Does the provider have fiber connecting buildings or POPs? Even if your bandwidth requirements are nominal now, you should inquire what the total fiber capacity is. As the business grows, your traffic throughput requirements could exponentially increase. If the provider has 50 Gbits of connectivity capacity but is already close to the maximum limit, you should ask about strategies for future growth. And though they may have a positive approach to this aspect, you need to know how this will impact your service since upgrades generally bring service interruptions. Discuss whether your company will be using the provider’s bandwidth directly or will it be connecting to transit carriers?
3. What are the security measures?
Depending upon the type of data that you are dealing with, you will need appropriate security measures for the colocation equipment. For example, if there is a classified company or financial documents, you may require physical security alongside other measures. The level varies from escorted/unescorted access to the facility, security cameras around the clock for every part of the facility, security guard at the entrance, support teams on different floors, identity verification with special keys or biometrics, etc. Ask the potential provider what procedures need to followed when entering the facility and what’s the protocol if there is a security breach.
4. How will the supply of power be managed?

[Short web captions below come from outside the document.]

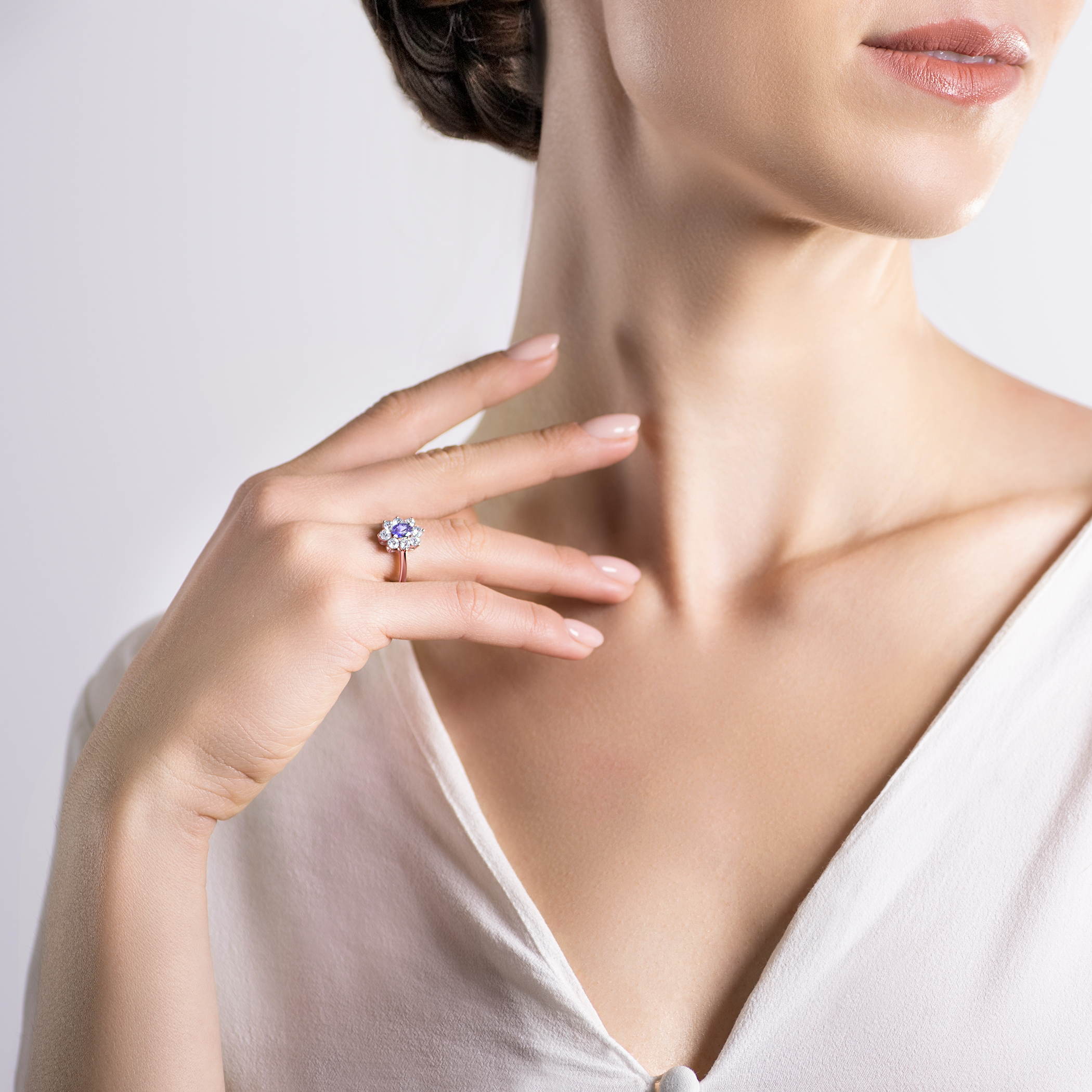 Pierścionek zaręczynowy SAVICKI: różowe złoto, fioletowy szafir, białe szafiry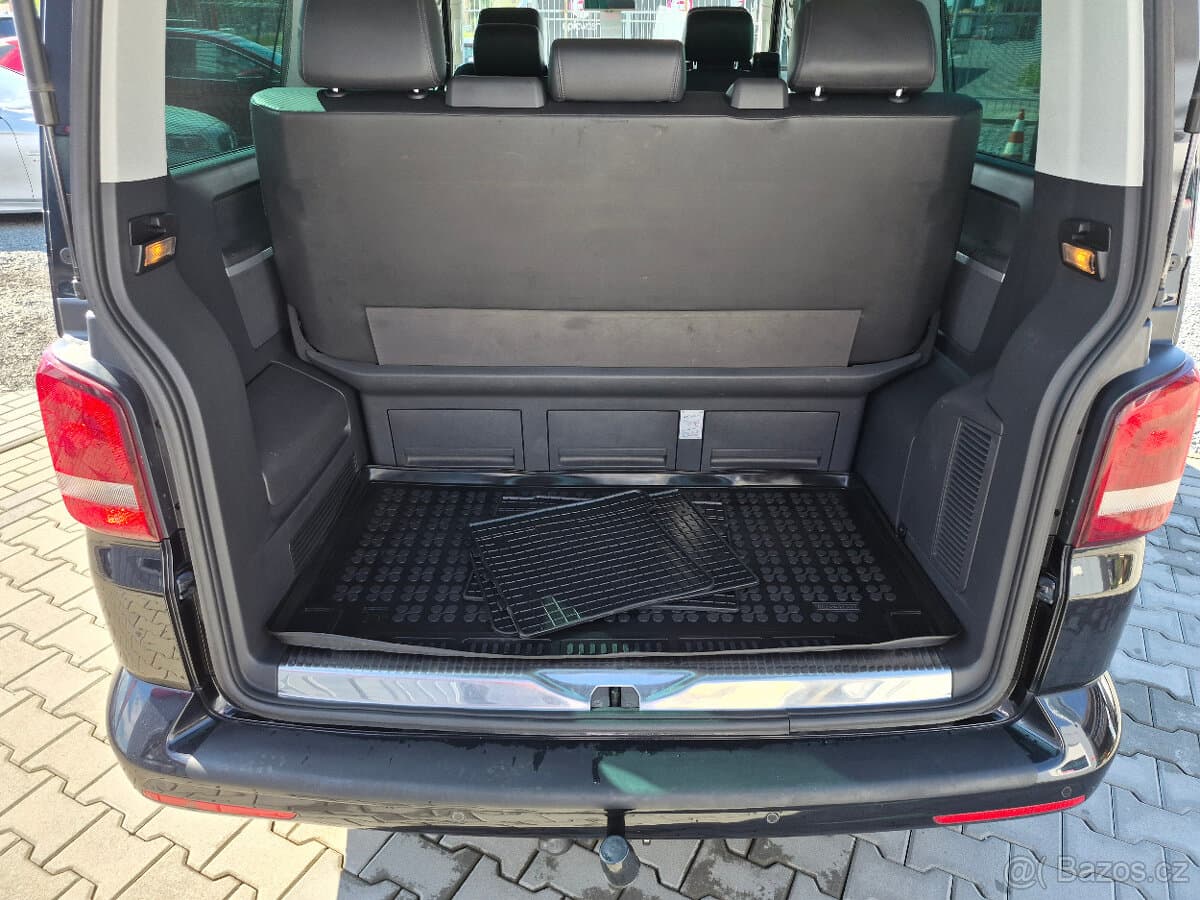2013 Volkswagen MULTIVAN - 10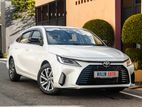 Toyota Yaris Ativ Premium Luxury White 2025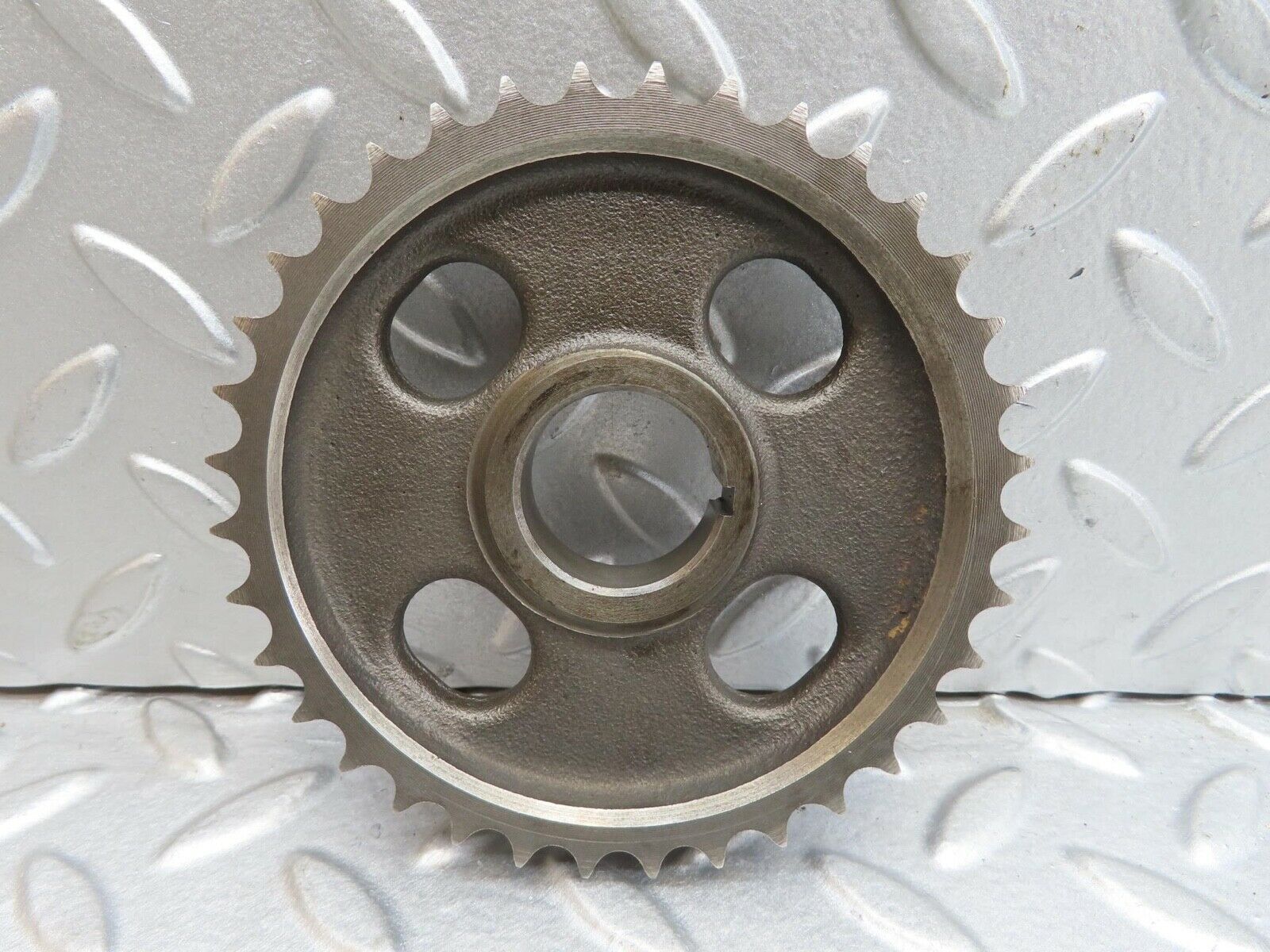 13738 Mercedes-Benz R107 450SL Camshaft Timing Gear 1160520501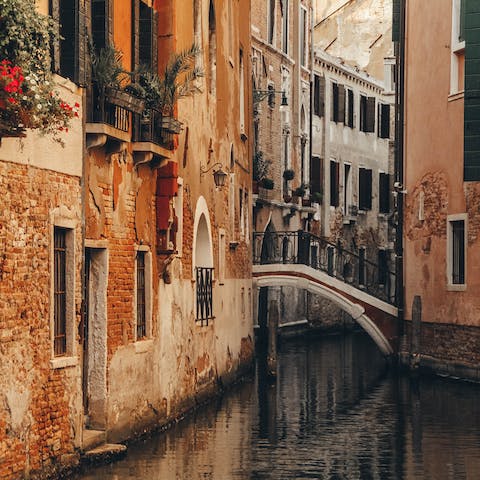 Explore the waterways in a water taxi – the stop at Santa Maria del Giglio is five minutes away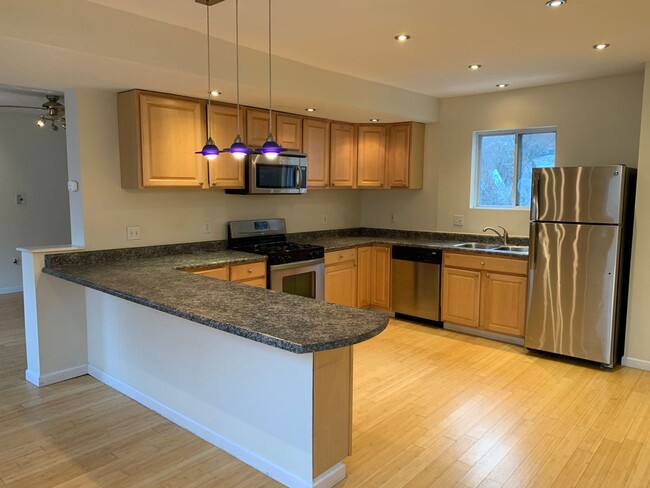 Building Photo - Beautiful 3bed/2.5 bath in Southside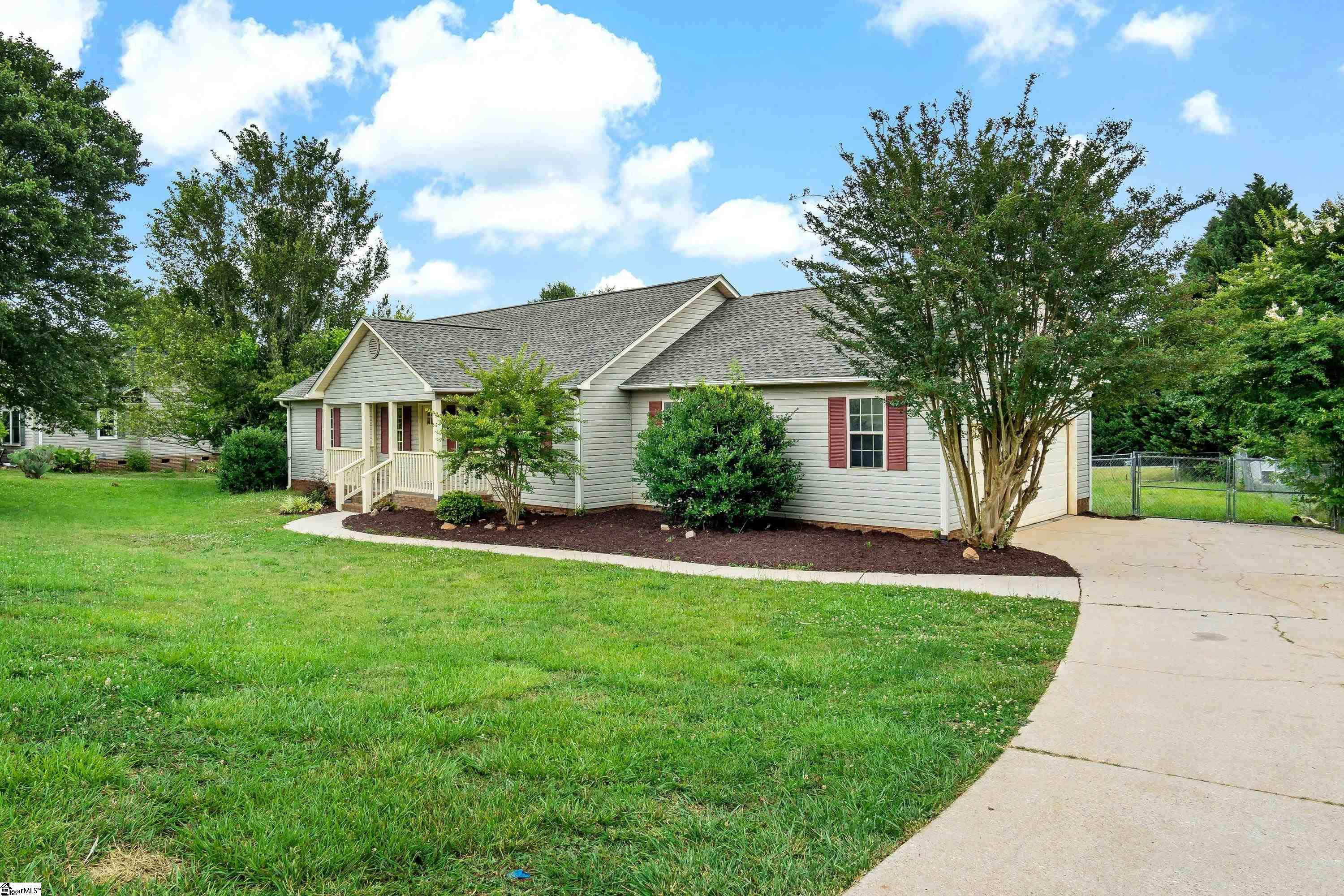 224 Orchard Grove Road Campobello, SC 29322 - Photo 2 of 9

You need to understand the power infrastructure, especially if your organization is hosting mission specific services. Generally, power issues are a major concern everywhere. If the colocation provider doesn’t have a suitable backup plan, you could be facing data corruption, loss due to downtime, or reduced productivity because of staff-hours allocated to data recovery procedures. Which “N scheme” of power redundancy do they have? Even when some claim redundancy like N+1, you should demand the specifics. They should have a UPS (Uninterruptible Power Supply) as well as a failover plan in case a different piece of equipment fails.
5. What is the physical infrastructure?
How scalable is the facility? There should be adequate space to grow. You will need to discuss the requirements of your business with the potential provider. You should also have information about the size of the cabinets and how much equipment they can hold.
Depending on whether or not the equipment is mission-critical, you will need to consider how to develop the infrastructure and what precautionary measures are essential. For instance, some companies demand fire suppression systems and raised flooring or concrete slabs.
6. Are there threats of physical natural disasters in the area?
For a server colocation in Seattle area, earthquakes and flooding could become potential problems. Inquire if there have been previous occurrences of damage to a facility. Ask about earthquake retrofitting in the building and whether cabinets are bolted. More importantly, what are the recovery procedures? If there are power outages, how will the facility be sustained and what are the generator refueling procedures? They should have a detailed plan that attempts to provide for all possible contingencies.
7. What services and equipment are available for your company?
Even if you have your own staff, is technical support available if you need it? What level engineer will assist when you call the Network Operations Center (NOC)? Will they be available 24x7x365? Will a technician come on site at any given time? What are the fees – keep in mind that skilled labor will also mean a higher charge.
8. Are there any SLA guarantees?
SLA (Service Level Agreement) guarantees are important, especially if a minute of downtime will cost you business sales. In some cases, you need to consider whether the provider offers network SLA as well as power SLA.
9. Do they provide any compliance certificates?
If your business needs compliance certifications, ask whether the colocation provider has relevant documents. For example, an SOC 2 report evaluates the information system’s security, availability, confidentiality or privacy of an organization.